In the Arctic today, there's a warm wind howling over Siberia. It's a wind blowing from the northwest. A wind originating from the Arctic Ocean. Siberia is warming up today because warm air blew in from the direction of the North Pole. This should strike everyone as ridiculously, insanely odd.

From Japan Today:

A cold air mass gripped the Japanese archipelago, bringing heavy snow and gusty winds to a wide area of western and central Japan on Sunday, forcing airlines to cancel many flights and West Japan Railway Co to reduce the speed of bullet trains on sections of the Sanyo Shinkansen lines.
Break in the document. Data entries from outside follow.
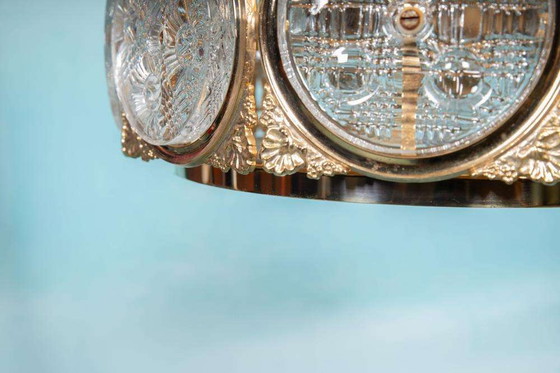 Image 1 of Lampe suspendue vintage en verre Suède années 60, suspension en laiton et verre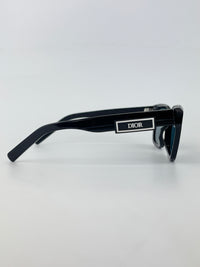 DiorSymbol S1I Bold Rectangular Sunglasses (Black Acetate / Silver-Tone Signature Hardware)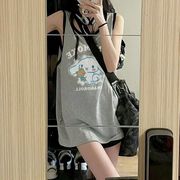 日系可爱软妹奶灰色玉桂狗短袖T恤女夏季宽松小众设计感上衣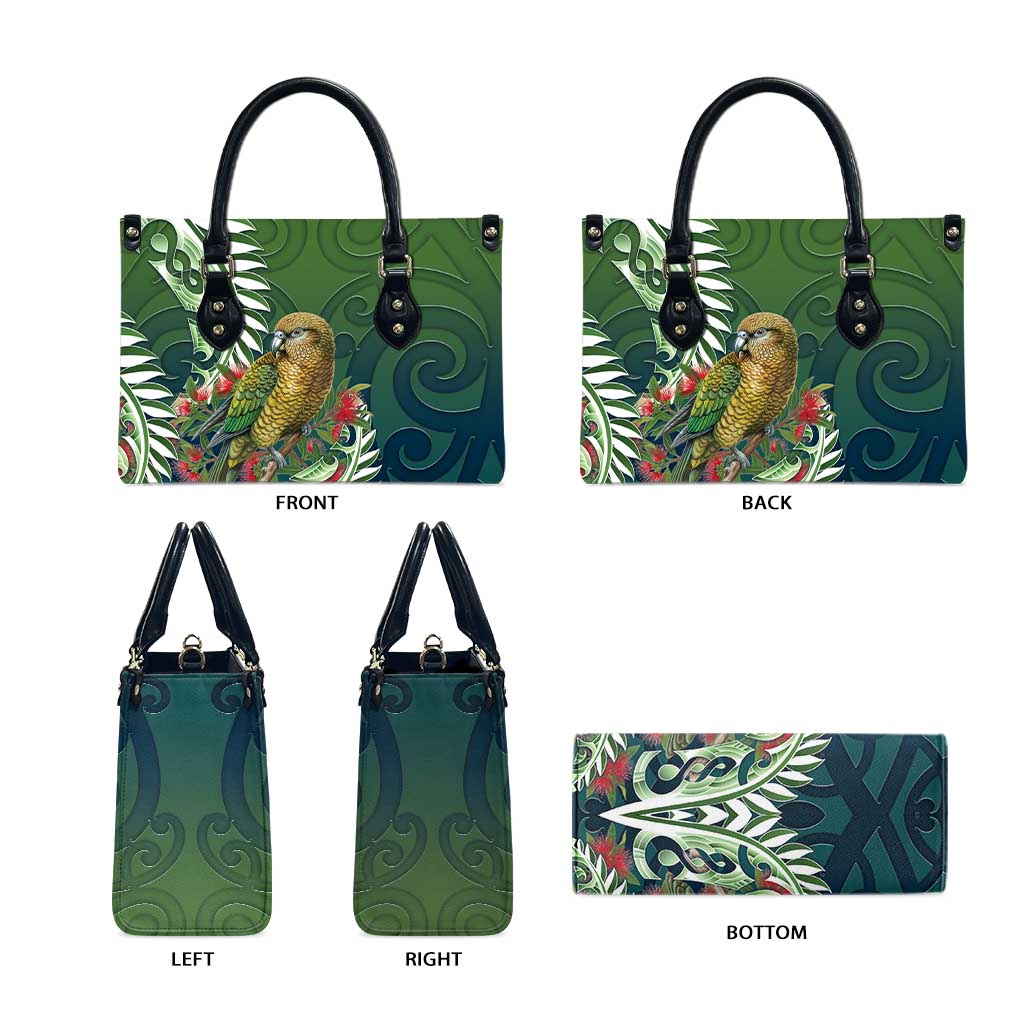 New Zealand Kea Bird Leather Bag With Maori Koru Fern - Aussie Hoodie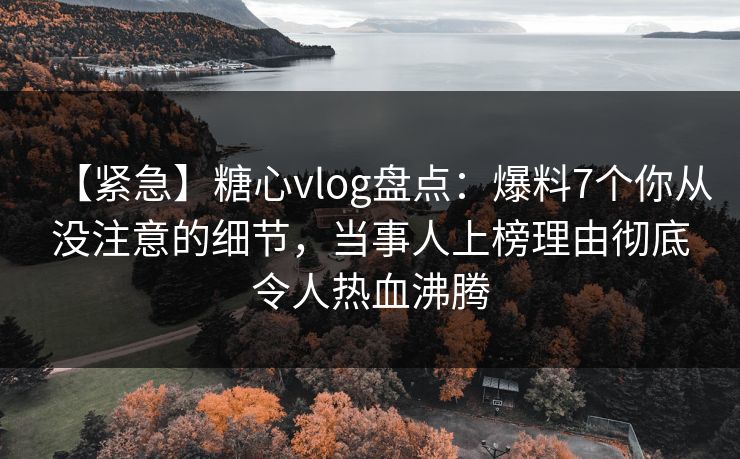 【紧急】糖心vlog盘点：爆料7个你从没注意的细节，当事人上榜理由彻底令人热血沸腾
The blanket of snow reached as far as southwestern Japanese cities such as Nagasaki and Kagoshima and the temperature in Naha, the prefectural capital of Okinawa, dropped to 8.9 C on Sunday morning, far below the average low for January.

Amami Island, a subtropical island located some 380 kilometers southwest of Kagoshima City, also observed snowfall for the first time in 115 years, the Japan Meteorological Agency said.

Mother Ship reports from Hong Kong.

An unusual meteorological occurrence is happening and is proving weather forecasts wrong: A polar vortex stretching from Siberia is pushing south and is pummelling Hong Kong with a bitter cold and biting winds the territory is unfamiliar with this time of the year.

As of 2.20pm (Hong Kong time) today (Jan. 23), the temperature at Ngong Ping on Lantau Island, where the Big Buddha is located, stood at 1.1 degrees Celsius.

 Taiwan and South China:

TAIPEI, Taiwan (AP) — Unusually cold weather in eastern Asia has been blamed for more than 65 deaths, disrupted transportation and brought the first snow to a subtropical city in southern China in almost 50 years. Here is a look at the worst cold weather to hit the region in years: TAIWAN Temperatures in Taiwan's capital of Taipei plunged to a 16-year low of 4 degrees Celsius (39 Fahrenheit), killing 57 mostly elderly people, according to government officials. The semi-official Focus Taiwan news website reported that 85 people had died.